_INSTRUCTIONS TO FOLLOW_
Transcribe, word for word, only the lines from the one containing "NeoSkin Rejuvination Treatment" through the end of the material below. Pictures stay out.

_SOURCE DATA_

□ □ □ □

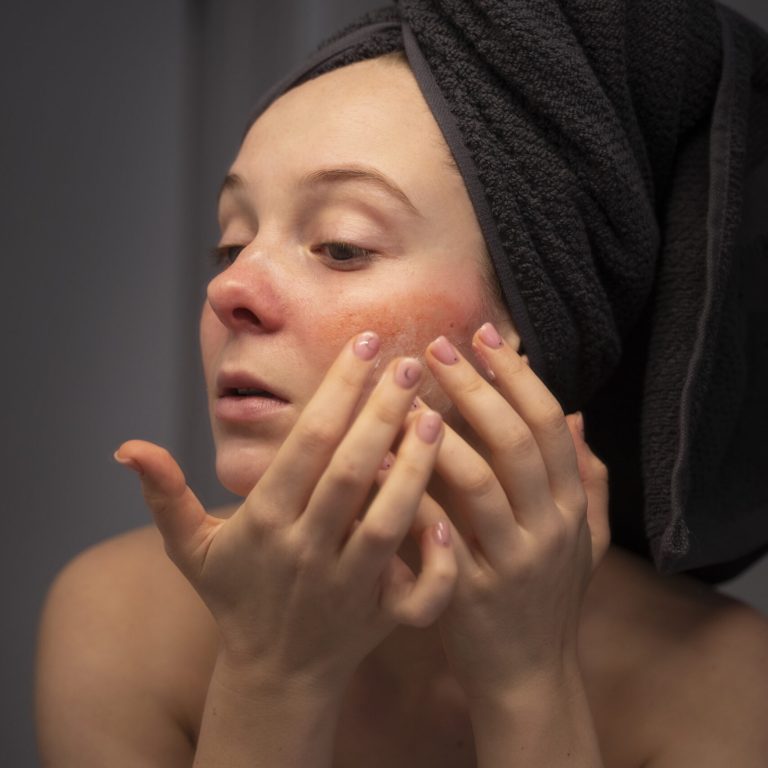mujer-mirando-su-rosacea-en-el-espejo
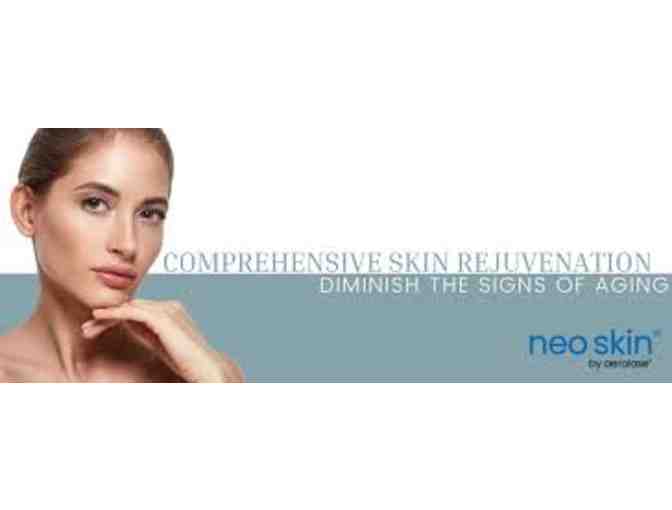 NeoSkin Rejuvination Treatment by Aerolase (package of 4)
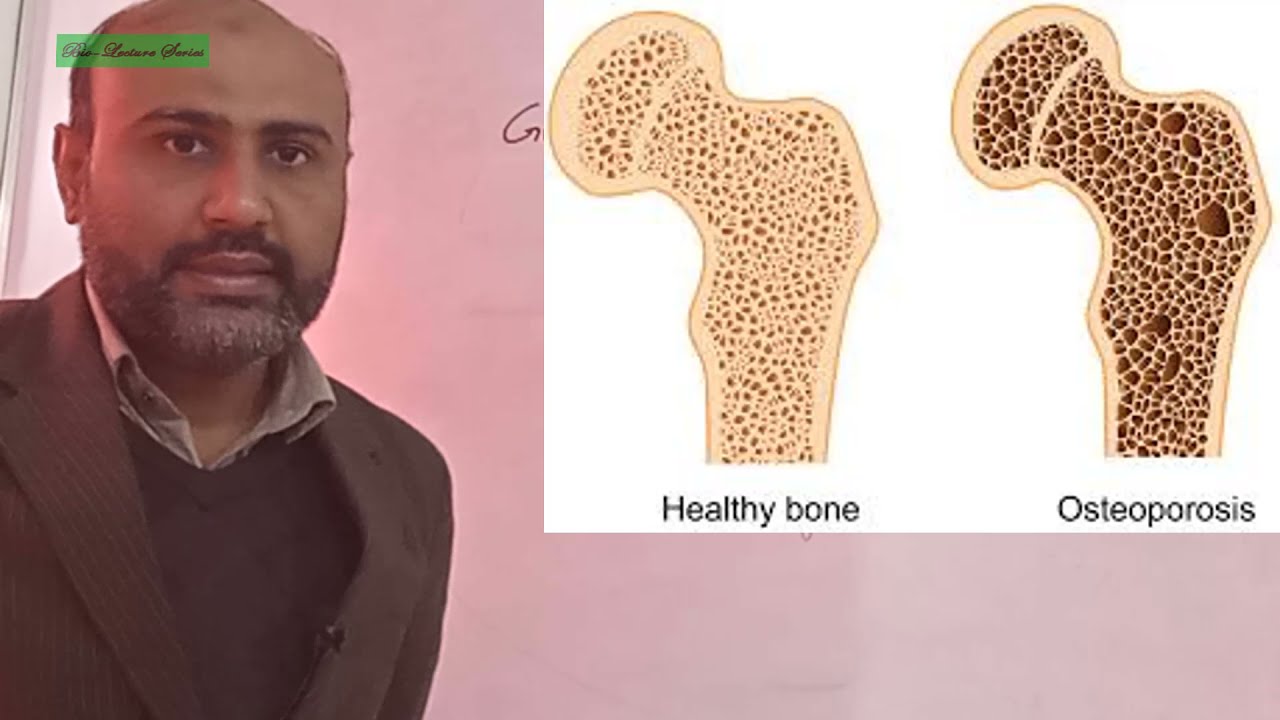 2nd year Biology; Chapter 17; Lecture ; Causes of Deformities in Skeleton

□ □ □ □

_REPLY_
 NeoSkin Rejuvination Treatment by Aerolase (package of 4)
 2nd year Biology; Chapter 17; Lecture ; Causes of Deformities in Skeleton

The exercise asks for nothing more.